All of which may strike some readers of this blog as old news, but what is old news to you might be a revelation to someone else. Consider the group of 50 people to whom I spoke about cybersecurity at a business convention last week, effectively a random sample of "typical" citizens. All of them use computers. All of them connect to the Internet. All of them handle a certain amount of sensitive information in their work. And all answered in the affirmative when I asked if they know how to use a computer. Yet a show of hands revealed that very few of them had any formal computer training; even fewer had received any training in computer security.
So, I would argue that there is much work to be done in raising the general public's awareness of the need to exercise care when using digital devices and connecting in cyberspace. But with a whole month devoted to the topic, you might wonder if there could possibly be too much awareness? According to Art Coviello, the CEO of RSA, that is possible. In remarks before congress last week Coviello implied, according to our friends at Infosec Island, that "the complicated nature of cyber intrusions is such that over-hyping data loss events to the public does little to stem the problem."

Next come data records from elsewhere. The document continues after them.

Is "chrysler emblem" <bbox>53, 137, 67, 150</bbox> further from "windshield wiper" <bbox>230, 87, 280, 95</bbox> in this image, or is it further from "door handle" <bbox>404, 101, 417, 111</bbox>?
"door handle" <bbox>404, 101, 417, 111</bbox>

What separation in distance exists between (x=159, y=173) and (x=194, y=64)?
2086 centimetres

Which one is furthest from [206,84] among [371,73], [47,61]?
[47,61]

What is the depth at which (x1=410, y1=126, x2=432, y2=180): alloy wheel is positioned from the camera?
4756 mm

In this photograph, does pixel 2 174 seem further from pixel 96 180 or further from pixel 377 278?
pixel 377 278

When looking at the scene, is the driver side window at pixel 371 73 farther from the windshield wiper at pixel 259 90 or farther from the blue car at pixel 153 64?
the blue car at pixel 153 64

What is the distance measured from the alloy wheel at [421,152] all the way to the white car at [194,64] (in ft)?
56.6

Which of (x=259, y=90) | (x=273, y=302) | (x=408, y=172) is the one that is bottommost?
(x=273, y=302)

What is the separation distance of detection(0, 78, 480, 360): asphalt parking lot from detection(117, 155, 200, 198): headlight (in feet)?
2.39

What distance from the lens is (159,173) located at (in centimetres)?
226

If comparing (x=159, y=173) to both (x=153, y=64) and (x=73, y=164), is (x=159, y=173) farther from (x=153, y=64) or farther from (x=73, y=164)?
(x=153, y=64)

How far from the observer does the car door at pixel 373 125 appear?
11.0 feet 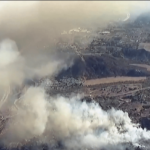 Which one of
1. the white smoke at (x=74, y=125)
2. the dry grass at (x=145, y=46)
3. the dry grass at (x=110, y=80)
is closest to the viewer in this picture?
the white smoke at (x=74, y=125)

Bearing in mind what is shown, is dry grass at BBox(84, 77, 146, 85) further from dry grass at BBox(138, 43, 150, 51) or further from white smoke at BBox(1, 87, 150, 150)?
dry grass at BBox(138, 43, 150, 51)

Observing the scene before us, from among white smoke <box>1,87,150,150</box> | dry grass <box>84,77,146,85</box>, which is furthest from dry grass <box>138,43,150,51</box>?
white smoke <box>1,87,150,150</box>

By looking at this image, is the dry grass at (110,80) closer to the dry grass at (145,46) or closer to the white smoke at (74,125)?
the white smoke at (74,125)

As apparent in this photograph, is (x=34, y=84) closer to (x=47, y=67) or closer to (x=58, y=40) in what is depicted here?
(x=47, y=67)

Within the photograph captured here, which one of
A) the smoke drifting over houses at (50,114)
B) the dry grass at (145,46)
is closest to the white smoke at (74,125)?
the smoke drifting over houses at (50,114)

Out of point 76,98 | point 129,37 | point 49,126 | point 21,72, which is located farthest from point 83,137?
point 129,37

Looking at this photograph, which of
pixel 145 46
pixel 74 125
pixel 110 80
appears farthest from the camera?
pixel 145 46

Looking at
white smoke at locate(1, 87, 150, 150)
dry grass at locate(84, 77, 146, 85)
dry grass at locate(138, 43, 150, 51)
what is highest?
dry grass at locate(138, 43, 150, 51)

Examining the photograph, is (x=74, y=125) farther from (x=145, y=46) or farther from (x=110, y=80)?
(x=145, y=46)

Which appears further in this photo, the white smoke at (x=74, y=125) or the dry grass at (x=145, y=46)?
the dry grass at (x=145, y=46)

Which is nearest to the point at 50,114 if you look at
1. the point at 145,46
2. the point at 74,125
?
the point at 74,125

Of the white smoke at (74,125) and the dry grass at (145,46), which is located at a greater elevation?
the dry grass at (145,46) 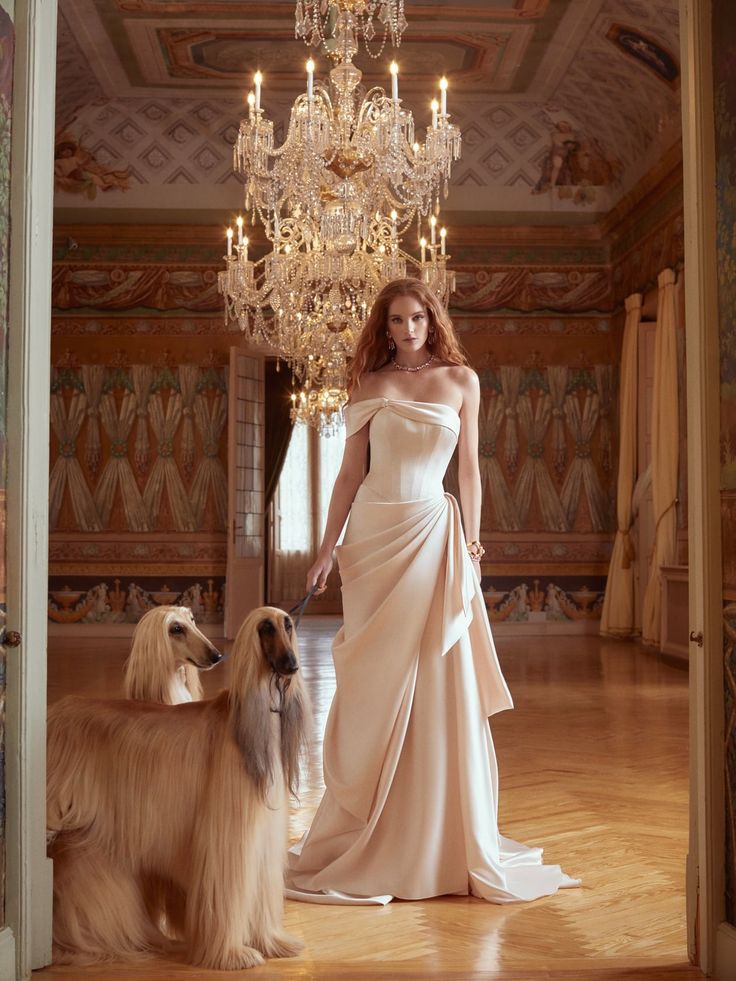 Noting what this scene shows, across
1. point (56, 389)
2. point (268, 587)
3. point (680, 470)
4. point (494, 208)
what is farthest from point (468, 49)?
point (268, 587)

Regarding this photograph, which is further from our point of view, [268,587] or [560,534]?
[268,587]

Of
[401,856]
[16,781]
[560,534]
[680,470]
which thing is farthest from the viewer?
[560,534]

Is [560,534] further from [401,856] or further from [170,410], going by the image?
[401,856]

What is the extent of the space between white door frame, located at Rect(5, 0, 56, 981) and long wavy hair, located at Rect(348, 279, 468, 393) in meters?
1.23

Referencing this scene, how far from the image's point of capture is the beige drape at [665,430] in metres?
11.0

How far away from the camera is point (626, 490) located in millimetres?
12547

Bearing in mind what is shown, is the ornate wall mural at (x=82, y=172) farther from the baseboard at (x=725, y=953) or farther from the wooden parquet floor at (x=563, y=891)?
the baseboard at (x=725, y=953)

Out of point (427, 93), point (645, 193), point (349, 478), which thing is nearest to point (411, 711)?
point (349, 478)

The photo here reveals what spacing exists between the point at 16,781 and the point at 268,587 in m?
15.0

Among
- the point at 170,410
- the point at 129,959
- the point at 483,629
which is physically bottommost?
the point at 129,959

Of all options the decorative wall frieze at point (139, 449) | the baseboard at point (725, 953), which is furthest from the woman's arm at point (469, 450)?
the decorative wall frieze at point (139, 449)

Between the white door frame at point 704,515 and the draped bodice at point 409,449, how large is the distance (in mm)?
941

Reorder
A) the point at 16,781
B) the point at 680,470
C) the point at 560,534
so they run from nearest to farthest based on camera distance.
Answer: the point at 16,781
the point at 680,470
the point at 560,534

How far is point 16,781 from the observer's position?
2.80 m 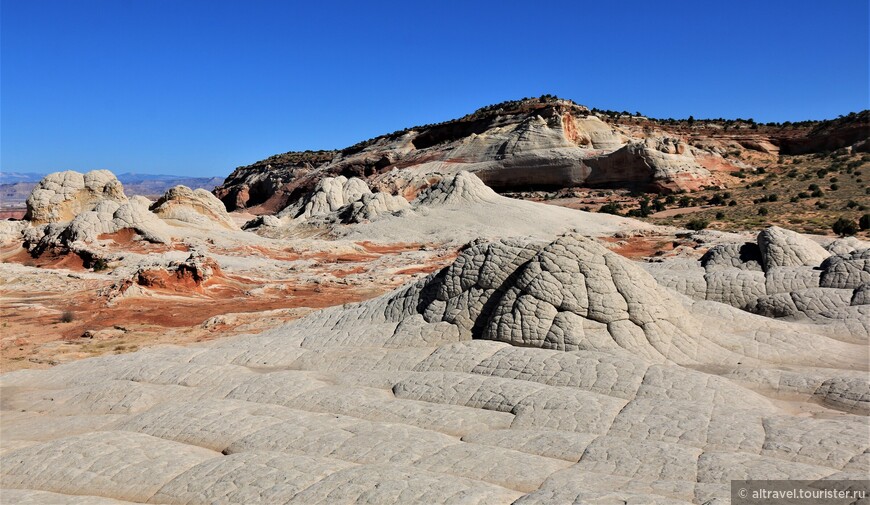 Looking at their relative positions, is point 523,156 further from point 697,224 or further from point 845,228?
point 845,228

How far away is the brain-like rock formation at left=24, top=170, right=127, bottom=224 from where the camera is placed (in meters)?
29.6

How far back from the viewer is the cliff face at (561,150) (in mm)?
43156

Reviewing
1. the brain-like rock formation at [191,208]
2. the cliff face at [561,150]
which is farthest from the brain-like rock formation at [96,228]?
the cliff face at [561,150]

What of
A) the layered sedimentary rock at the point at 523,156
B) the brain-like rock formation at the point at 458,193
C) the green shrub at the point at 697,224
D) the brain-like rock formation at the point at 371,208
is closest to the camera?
the green shrub at the point at 697,224

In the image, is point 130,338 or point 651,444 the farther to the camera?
point 130,338

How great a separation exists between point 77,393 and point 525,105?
178ft

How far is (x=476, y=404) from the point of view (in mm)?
5770

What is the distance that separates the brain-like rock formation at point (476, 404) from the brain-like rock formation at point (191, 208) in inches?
901

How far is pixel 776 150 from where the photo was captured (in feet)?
174

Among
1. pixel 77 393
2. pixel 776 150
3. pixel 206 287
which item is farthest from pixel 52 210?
pixel 776 150

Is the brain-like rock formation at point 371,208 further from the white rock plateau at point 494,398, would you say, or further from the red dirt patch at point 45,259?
the white rock plateau at point 494,398

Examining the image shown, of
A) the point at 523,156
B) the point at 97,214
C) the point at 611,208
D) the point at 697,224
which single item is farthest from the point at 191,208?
the point at 697,224

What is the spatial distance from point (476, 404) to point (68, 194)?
3204 cm

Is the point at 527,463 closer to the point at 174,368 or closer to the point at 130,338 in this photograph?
the point at 174,368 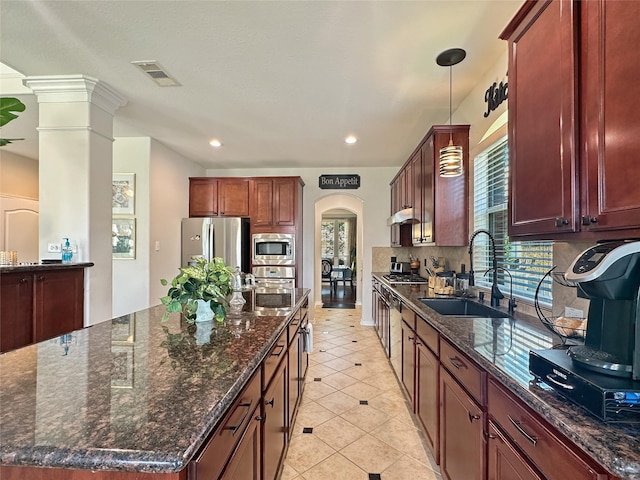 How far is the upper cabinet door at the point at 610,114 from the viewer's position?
937mm

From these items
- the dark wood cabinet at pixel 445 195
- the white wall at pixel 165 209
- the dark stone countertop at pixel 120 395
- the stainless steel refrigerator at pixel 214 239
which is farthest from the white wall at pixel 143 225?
the dark wood cabinet at pixel 445 195

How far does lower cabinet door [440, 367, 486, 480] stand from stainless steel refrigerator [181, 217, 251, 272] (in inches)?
152

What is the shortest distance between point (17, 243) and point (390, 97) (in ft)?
21.5

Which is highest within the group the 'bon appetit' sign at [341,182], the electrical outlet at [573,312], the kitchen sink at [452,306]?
the 'bon appetit' sign at [341,182]

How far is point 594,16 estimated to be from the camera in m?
1.08

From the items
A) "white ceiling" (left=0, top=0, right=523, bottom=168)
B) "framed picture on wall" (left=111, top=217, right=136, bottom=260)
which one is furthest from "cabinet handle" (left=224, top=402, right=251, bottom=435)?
"framed picture on wall" (left=111, top=217, right=136, bottom=260)

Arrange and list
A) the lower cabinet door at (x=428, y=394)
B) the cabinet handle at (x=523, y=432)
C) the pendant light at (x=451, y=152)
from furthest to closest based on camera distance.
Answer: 1. the pendant light at (x=451, y=152)
2. the lower cabinet door at (x=428, y=394)
3. the cabinet handle at (x=523, y=432)

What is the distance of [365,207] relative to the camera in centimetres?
568

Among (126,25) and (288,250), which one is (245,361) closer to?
(126,25)

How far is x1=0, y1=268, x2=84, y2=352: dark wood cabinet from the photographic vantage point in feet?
7.02

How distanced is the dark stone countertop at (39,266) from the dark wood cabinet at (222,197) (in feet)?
8.57

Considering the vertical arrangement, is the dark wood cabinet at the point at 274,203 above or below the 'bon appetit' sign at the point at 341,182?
below

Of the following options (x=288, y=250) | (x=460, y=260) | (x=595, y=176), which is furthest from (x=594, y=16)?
(x=288, y=250)

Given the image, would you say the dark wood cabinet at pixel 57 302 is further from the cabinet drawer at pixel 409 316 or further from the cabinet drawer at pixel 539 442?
the cabinet drawer at pixel 539 442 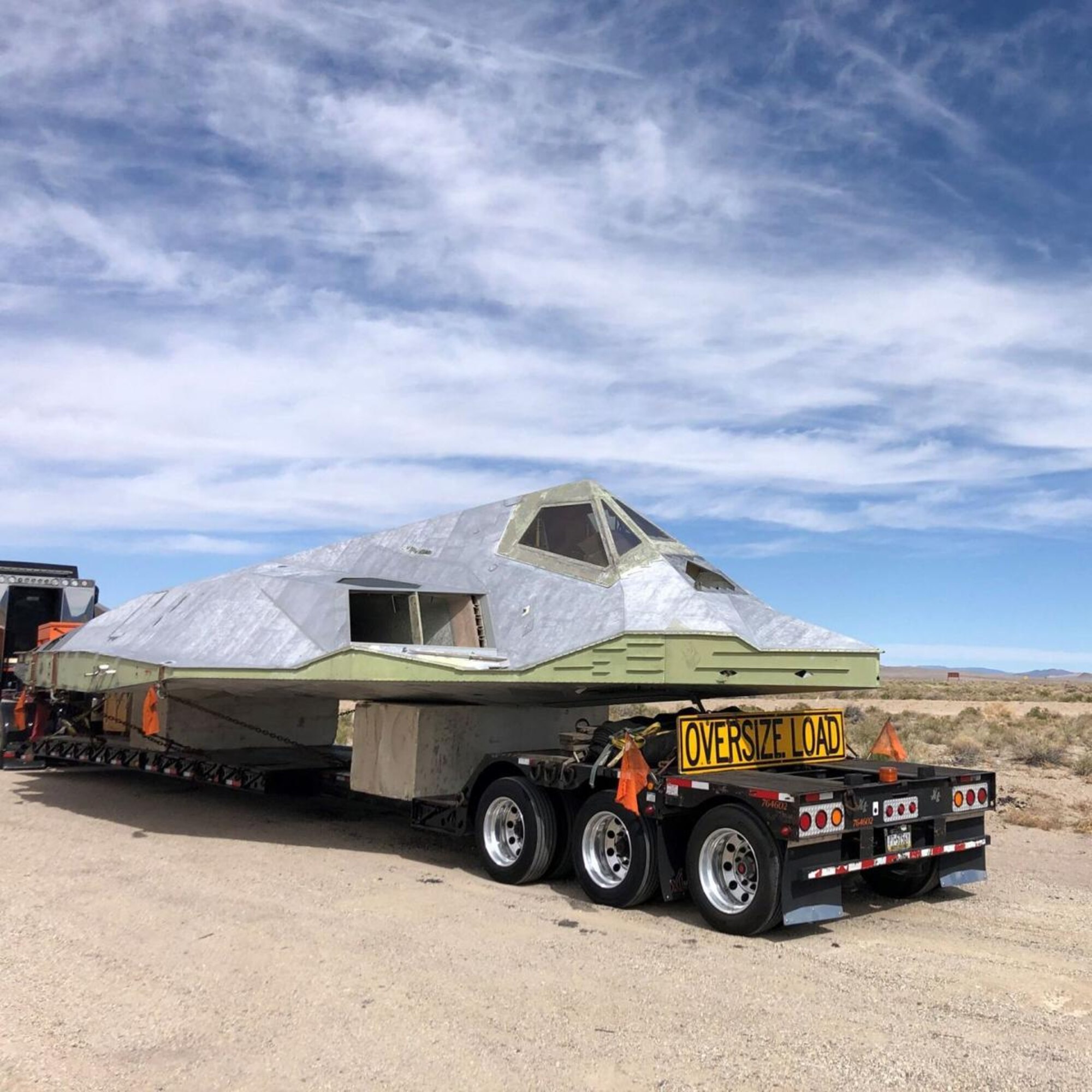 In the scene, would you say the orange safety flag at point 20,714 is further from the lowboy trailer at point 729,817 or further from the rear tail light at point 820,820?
the rear tail light at point 820,820

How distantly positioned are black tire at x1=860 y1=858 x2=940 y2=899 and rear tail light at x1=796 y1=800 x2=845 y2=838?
4.59 ft

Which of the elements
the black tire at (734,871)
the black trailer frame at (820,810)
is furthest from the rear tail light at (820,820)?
the black tire at (734,871)

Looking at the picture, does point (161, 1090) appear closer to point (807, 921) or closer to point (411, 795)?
point (807, 921)

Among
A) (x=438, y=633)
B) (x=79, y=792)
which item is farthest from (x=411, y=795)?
(x=79, y=792)

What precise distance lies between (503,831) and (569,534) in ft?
9.55

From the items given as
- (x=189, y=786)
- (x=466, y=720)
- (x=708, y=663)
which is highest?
(x=708, y=663)

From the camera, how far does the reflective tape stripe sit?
292 inches

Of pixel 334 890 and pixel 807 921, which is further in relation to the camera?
pixel 334 890

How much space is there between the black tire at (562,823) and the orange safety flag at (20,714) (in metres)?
12.0

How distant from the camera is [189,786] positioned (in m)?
16.1

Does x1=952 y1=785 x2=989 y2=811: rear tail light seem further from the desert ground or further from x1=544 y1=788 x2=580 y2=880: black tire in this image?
x1=544 y1=788 x2=580 y2=880: black tire

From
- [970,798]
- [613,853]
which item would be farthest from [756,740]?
[970,798]

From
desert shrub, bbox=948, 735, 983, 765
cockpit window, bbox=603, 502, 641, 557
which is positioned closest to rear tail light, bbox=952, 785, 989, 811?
cockpit window, bbox=603, 502, 641, 557

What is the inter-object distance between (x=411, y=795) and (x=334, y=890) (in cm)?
168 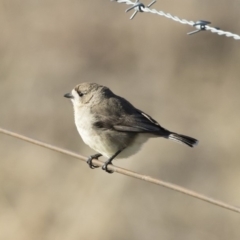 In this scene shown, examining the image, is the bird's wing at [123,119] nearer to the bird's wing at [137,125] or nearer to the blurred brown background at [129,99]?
the bird's wing at [137,125]

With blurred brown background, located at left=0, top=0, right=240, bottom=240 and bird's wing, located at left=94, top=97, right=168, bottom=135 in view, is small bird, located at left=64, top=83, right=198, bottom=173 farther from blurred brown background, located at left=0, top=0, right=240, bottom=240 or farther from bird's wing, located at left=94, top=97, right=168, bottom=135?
blurred brown background, located at left=0, top=0, right=240, bottom=240

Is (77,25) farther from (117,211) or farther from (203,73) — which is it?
(117,211)

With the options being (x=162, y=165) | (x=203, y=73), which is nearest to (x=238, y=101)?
(x=203, y=73)

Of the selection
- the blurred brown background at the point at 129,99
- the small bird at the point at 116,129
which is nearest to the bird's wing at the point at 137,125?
the small bird at the point at 116,129

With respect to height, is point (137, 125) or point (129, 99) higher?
point (129, 99)

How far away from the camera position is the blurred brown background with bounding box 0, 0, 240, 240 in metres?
7.93

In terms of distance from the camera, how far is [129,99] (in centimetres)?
981

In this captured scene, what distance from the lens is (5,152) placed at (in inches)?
352

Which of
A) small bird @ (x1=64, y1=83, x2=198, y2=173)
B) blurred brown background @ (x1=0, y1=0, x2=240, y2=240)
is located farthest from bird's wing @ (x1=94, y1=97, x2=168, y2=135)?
blurred brown background @ (x1=0, y1=0, x2=240, y2=240)

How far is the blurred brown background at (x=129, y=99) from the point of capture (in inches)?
312

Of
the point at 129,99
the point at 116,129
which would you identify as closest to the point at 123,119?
the point at 116,129

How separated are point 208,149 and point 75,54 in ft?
10.5

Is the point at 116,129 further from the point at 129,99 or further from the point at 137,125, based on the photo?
the point at 129,99

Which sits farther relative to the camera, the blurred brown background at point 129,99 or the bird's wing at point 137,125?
the blurred brown background at point 129,99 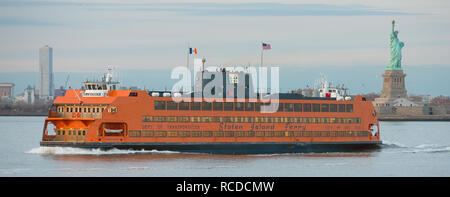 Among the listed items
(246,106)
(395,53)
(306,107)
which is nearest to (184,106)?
(246,106)

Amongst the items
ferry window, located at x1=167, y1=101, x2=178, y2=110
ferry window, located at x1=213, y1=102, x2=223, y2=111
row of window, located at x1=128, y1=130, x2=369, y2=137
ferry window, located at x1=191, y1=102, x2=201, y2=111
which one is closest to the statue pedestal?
row of window, located at x1=128, y1=130, x2=369, y2=137

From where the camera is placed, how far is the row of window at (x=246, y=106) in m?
53.8

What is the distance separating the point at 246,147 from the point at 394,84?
13194 cm

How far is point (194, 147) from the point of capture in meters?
54.3

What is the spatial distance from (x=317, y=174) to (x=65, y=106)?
17855 millimetres

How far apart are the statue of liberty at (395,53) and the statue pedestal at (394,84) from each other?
121 centimetres

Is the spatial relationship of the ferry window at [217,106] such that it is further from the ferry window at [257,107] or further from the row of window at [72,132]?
the row of window at [72,132]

I sympathize with this view, but only to a point. There is a risk that a drumbeat of privacy breaches and ever more sophisticated malware discoveries will lead people to think the cause is hopeless. Those of us who work with this stuff all the time should not under-estimate how disheartening it can be for Jane Q. Citizen to hear about yet another piece of malware that can hide on her machine, steal her user names and passwords, mine her hard drive for personal data and secretly send it to the other side of the planet, while posting bogus messages on her Facebook and Twitter accounts, sending out large amounts of spam and joining, via sophisticated remote control channels, tens of thousands of other infected machines directed to carry out denial-of-service attacks that generate money for criminals through extortion of website owners.
The answer is to be fair and balanced. We need to let people know the problems that we face and make sure that they take them seriously. At the same time we need to offer practical tips for thwarting the bad guys. We need to let people know there is a lot of cybercrime out there but, as Cameron Camp reported on Friday, arrests are being made.
Later this week I will be highlighting other recent successes in law enforcement and some helpful resources for those who want to spread just the right amount of awareness. In the meantime it would be great to know what you think about efforts to raise cybersecurity awareness among the general public.